Confidence stable but wrong. The formula has no mechanism to detect that a previously-true memory has become false. User changed jobs; the Acme memory has conf=0.85 and will stay at 0.85 indefinitely. This is why confidence is paired with freshness decay and concept drift detection. Confidence measures how well the claim was established at write time; it does not measure whether the claim is still true. For volatile facts (job, location, relationship status), pair high confidence with short half-lives or drift monitoring.

Type prior miscategorized. A memory extracted as a Fact that should be a Preference (or vice versa) carries the wrong t. Fact (0.80) vs. Preference (0.75) is only a 0.10 × 0.05 = 0.005 swing, so this is usually noise. But Relation (0.70) vs Entity (0.90) miscategorization produces a 0.10 × 0.20 = 0.02 swing — visible in tight ranking scenarios. Type classification should be validated in the same eval set as weight tuning.
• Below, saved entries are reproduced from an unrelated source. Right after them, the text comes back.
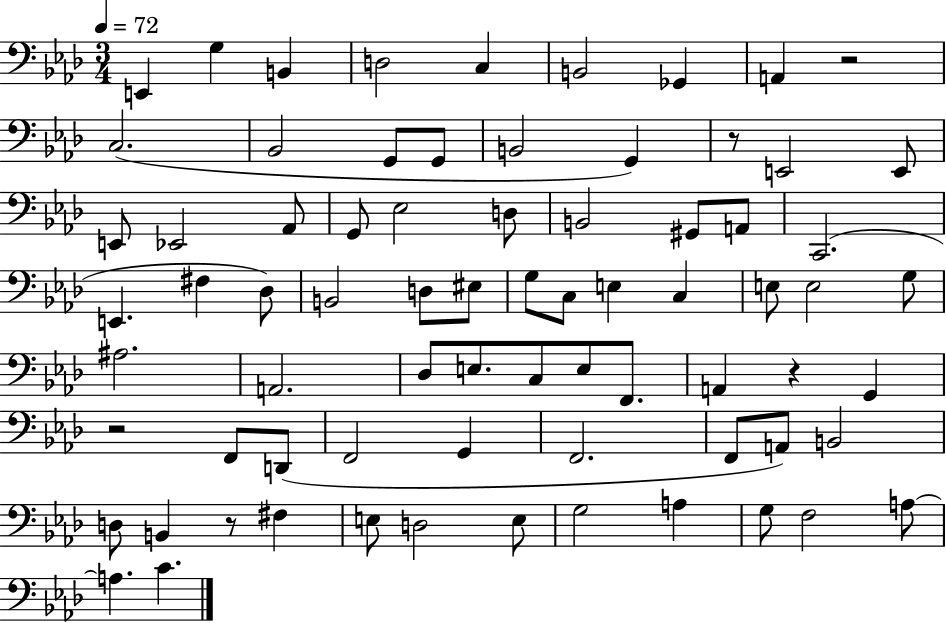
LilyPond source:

{
  \clef bass
  \numericTimeSignature
  \time 3/4
  \key aes \major
  \tempo 4 = 72
  e,4 g4 b,4 | d2 c4 | b,2 ges,4 | a,4 r2 | \break c2.( | bes,2 g,8 g,8 | b,2 g,4) | r8 e,2 e,8 | \break e,8 ees,2 aes,8 | g,8 ees2 d8 | b,2 gis,8 a,8 | c,2.( | \break e,4. fis4 des8) | b,2 d8 eis8 | g8 c8 e4 c4 | e8 e2 g8 | \break ais2. | a,2. | des8 e8. c8 e8 f,8. | a,4 r4 g,4 | \break r2 f,8 d,8( | f,2 g,4 | f,2. | f,8 a,8) b,2 | \break d8 b,4 r8 fis4 | e8 d2 e8 | g2 a4 | g8 f2 a8~~ | \break a4. c'4. | \bar "|."
}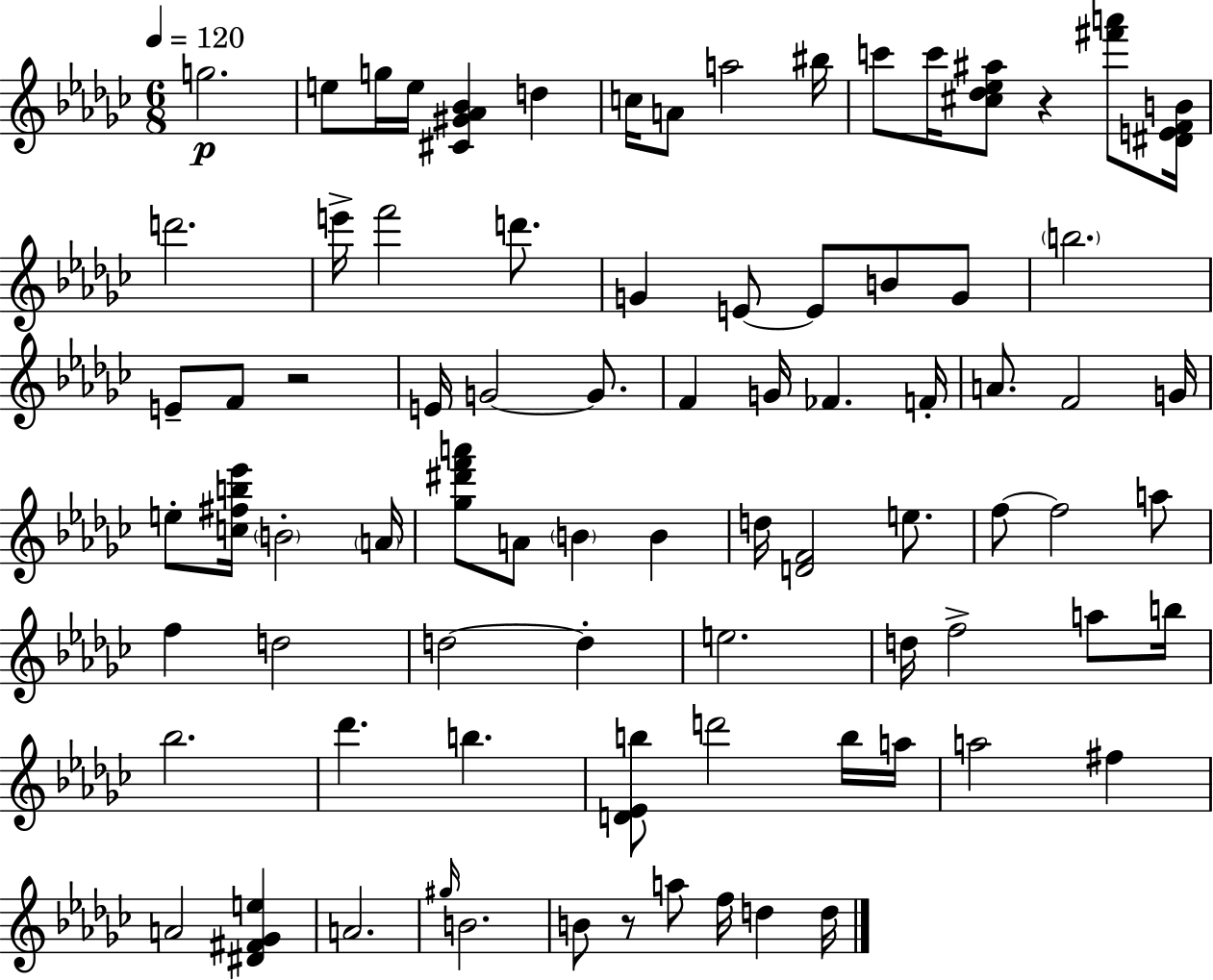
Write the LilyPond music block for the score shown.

{
  \clef treble
  \numericTimeSignature
  \time 6/8
  \key ees \minor
  \tempo 4 = 120
  \repeat volta 2 { g''2.\p | e''8 g''16 e''16 <cis' gis' aes' bes'>4 d''4 | c''16 a'8 a''2 bis''16 | c'''8 c'''16 <cis'' des'' ees'' ais''>8 r4 <fis''' a'''>8 <dis' e' f' b'>16 | \break d'''2. | e'''16-> f'''2 d'''8. | g'4 e'8~~ e'8 b'8 g'8 | \parenthesize b''2. | \break e'8-- f'8 r2 | e'16 g'2~~ g'8. | f'4 g'16 fes'4. f'16-. | a'8. f'2 g'16 | \break e''8-. <c'' fis'' b'' ees'''>16 \parenthesize b'2-. \parenthesize a'16 | <ges'' dis''' f''' a'''>8 a'8 \parenthesize b'4 b'4 | d''16 <d' f'>2 e''8. | f''8~~ f''2 a''8 | \break f''4 d''2 | d''2~~ d''4-. | e''2. | d''16 f''2-> a''8 b''16 | \break bes''2. | des'''4. b''4. | <d' ees' b''>8 d'''2 b''16 a''16 | a''2 fis''4 | \break a'2 <dis' fis' ges' e''>4 | a'2. | \grace { gis''16 } b'2. | b'8 r8 a''8 f''16 d''4 | \break d''16 } \bar "|."
}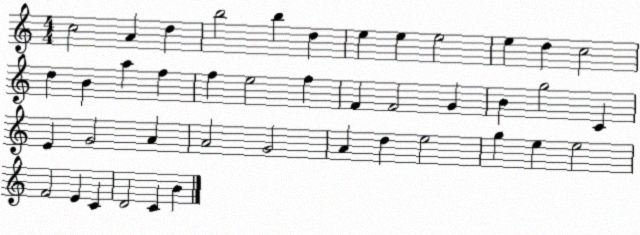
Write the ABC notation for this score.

X:1
T:Untitled
M:4/4
L:1/4
K:C
c2 A d b2 b d e e e2 e d c2 d B a f f e2 f F F2 G B g2 C E G2 A A2 G2 A d e2 g e e2 F2 E C D2 C B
Formula output too flat. If most memories in your store land between 0.55 and 0.70, the formula has low discrimination power. This happens when your extractor always uses the same model (e constant), all memories are from a single source level (s constant), and repetition hasn't had time to build up (r all near 0). In the short run, type prior and small source variation are your only differentiators. The solution is time: repetition builds as the system accumulates sessions. In the short run, tighten the retrieval floor to 0.55 so that the top of your flat distribution still stands out.